Arrivée à Panama city en fin de journée, taxi pour le centre ville (20$), nuit à l’EuroHotel, 55$, assez cher mais plus grand chose de dispo une semaine avant notre arrivée. Hotel correct, clim, propre mais sans charme. Le lendemain ballade dans les quartiers d’El Cangrejo et Marbella pour trouver de l’argent, un téléphone, une voiture et voir toutes ces tours assez incroyables. Nous ne sommes pas allés dans le vieux Panama, nous avons préféré partir rapidement, si nous étions resté plus longtemps je pense qu’on serait restés deux trois jours dans cette ville assez étonnante. Bref…

Départ en début d’après midi pour Pedasi au sud-est de la Péninsule d’Azuero, nous avons du mettre 5h pour y arriver.

Nous avons logé chez un couple suisso-arménien francophone, Isabelle&Robert, très sympathique. Enfin c’est un hostal, La rosa de los vientos, 30$ la nuit. Tout récent, trois chambres sobres et accueillantes avec une terrasse avec vue sur le pacifique. Sympa. A l’écart du village, avec une plage (moyenne) à 5-10mn à pieds. Le village et la région sont assez attachants, très paisible, la route vers Tonosi est assez pittoresque. On s’est aussi arrêté sur la plage de Venao pour regarder tous ces surfeurs sur ce spot très apprécié. En buvant une Balboa c’était parfait !

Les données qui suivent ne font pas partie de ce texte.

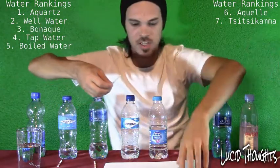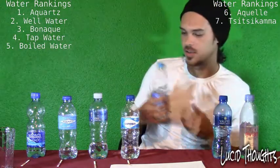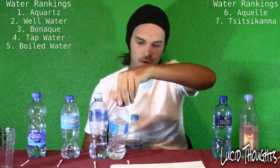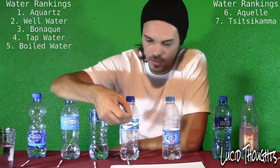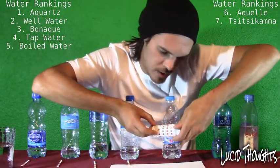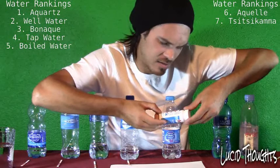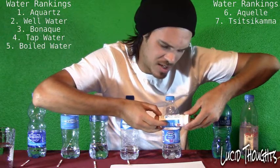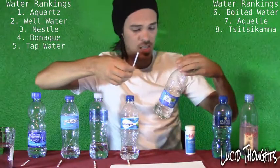Now we have Nestlé Pure Life — I know this is international. Worth noting that Valpré and Bonaqua are both Coca-Cola brands. Testing Nestlé Pure Life: chlorine is 0.1. The pH level looks pretty good — about 8. The alkaline is very high, about 210 to 220. That is good water. Well done, Nestlé Pure Life.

De Pedasi nous avons ensuite pris la route vers Boquete. Nous avons pas mal hésité entre Boquete et Volcan, Boquete ayant la réputation d’être « envahie » de communautés de retraités américains et de touristes. C’est sur cette ville que notre choix s’est tout de même porté, surtout pour des raisons pratiques, pour faire un peu moins de route. Finalement, il est vrai que c’est touristique, mais c’est quand même pas blindé de touristes, et on sent au Panama, faut pas abuser. Là, nous avons logé à la Pension Dona Cata, vieil hôtel en bois rénové qui doit être là depuis un moment. 30$ la nuit, chambre sobre, mais l’hôtel a vraiment un charme fou, il donne sur la place de Boquete. Nous avons fait une rando « oiseaux » à la finca lerida, 4h dans la foret avec un très bon guide, mais j’avoue que les 50$ par personne, ça calme grave, c’est abusé et clairement la plus chère de nos activités payantes. Enfin, on s’en doutait un peu en venant à Boquete. Ce fut tout de même très intéressant, nous avons vu deux quetzal, quelques oiseaux (mais pas tant que ça), entendu des singes hurleurs (ce bruit…) et visité la très belle finca. Déjeuner au resto de la finca, vue magnifique sur la vallée. Le lendemain matin, nous sommes allés aux sources d’eau chaude de Caldéra. Par là-bas, l’inflation est galopante, l’entrée a doublé récemment (passant certes à 2$ « seulement »). Ptit coin assez agréable, par contre à faire aux heures fraîches (nous y étions le matin vers 8h) parce que les sources sont vraiment chaudes.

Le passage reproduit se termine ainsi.